Girls putting hands in together, India

When she was just 15, Shaheen fell in love with a man who betrayed her in the most horrifying way. Giving up her life and family, Shaheen ran away from her home in Bihar, India, to marry the man she loved, but months later he took her to Mumbai and sold her in the red-light district.

Eventually Shaheen was rescued through State intervention and brought to a rescue home in Mumbai, where Child Welfare Committees (CWC) and the Child Welfare Officials (CWOs) were thinking about her recovery and return plan.

But the choices were limited because Shaheen’s family were reluctant to take her back and so remained non-committal about how they would support her if she did return. Those taking care of Shaheen ruled out returning her back home where she would be extremely vulnerable to further harm, especially given the fact that it was a remote village across the country where child protection systems are scarce.

Hearing that she would end up in a long stay government home instead of going back to family, Shaheen withdrew, became aggressive and resorted to self-harm. When the road ahead seemed gloomy for Shaheen, it was the intervention brought about by our anti-trafficking work in India that cast a ray of light.

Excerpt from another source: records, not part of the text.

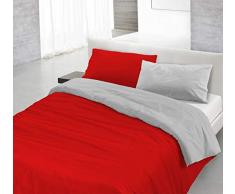 Italian Bed Linen CP-NC-Rosso/Grigio chiaro-2P Natural Color housse de couette double-face couleur unie avec taies doreiller, Rouge/Gris Clair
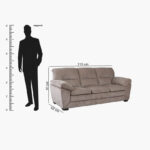 Leonardo 3-Seater Fabric Sofa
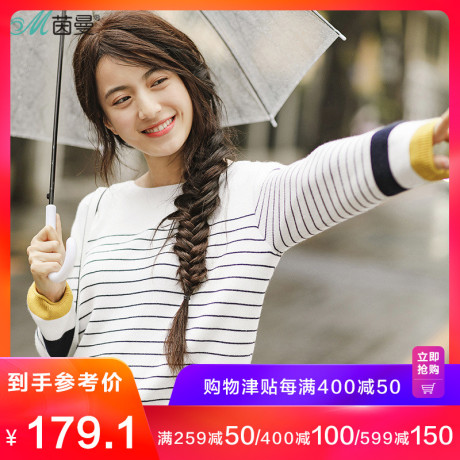 茵曼旗舰店2018春装新款套头圆领条纹文艺百搭针织衫上衣女商品大图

This came in the form of a comprehensive care and reintegration plan from our partner organisation Aangan, to supports the work of the Child Welfare Committees. Initially Shaheen needed mental health support and so Aangan brought in a counsellor to help her through a difficult phase. As she stabilised, Aangan facilitated a link between a partner NGO in Shaheen’s home district who were tasked with visiting Shaheen’s home and presenting a report.

The report revealed that whilst there was generally a supportive environment from her mother and siblings, Shaheen’s father feared social stigma and it seemed he might consider the option of sending her away from family to relatives – placing her in danger again.

Identifying the need for some work to be done with Shaheen’s family, Aangan facilitated discussions between all parties now involved in Shaheen’s care and together identified a family member who could provide support for Shaheen’s father. This was Shaheen’s auntie, through whom Aangan coordinated the discussions with the family and Shaheen.

Simultaneously, Shaheen was supported through creating a care plan to prepare for the challenges of village life back home – remoteness and boredom that could make Shaheen vulnerable to re-trafficking.

Aangan also worked with the Child Welfare Committees in Mumbai to put in place a system to track and follow up with the Welfare team in Shaheen’s village.

Six months later, the tracking process continues. Though Shaheen did not return to school immediately, she was encouraged by the local teams to take up a course to spend her day learning something useful. Now she is tailoring, excited about earning some money and her father is very proud of her progress.

After such a traumatic ordeal, it has been a long way home for Shaheen, but our anti-trafficking work has ensured that she was fully supported every step of the way.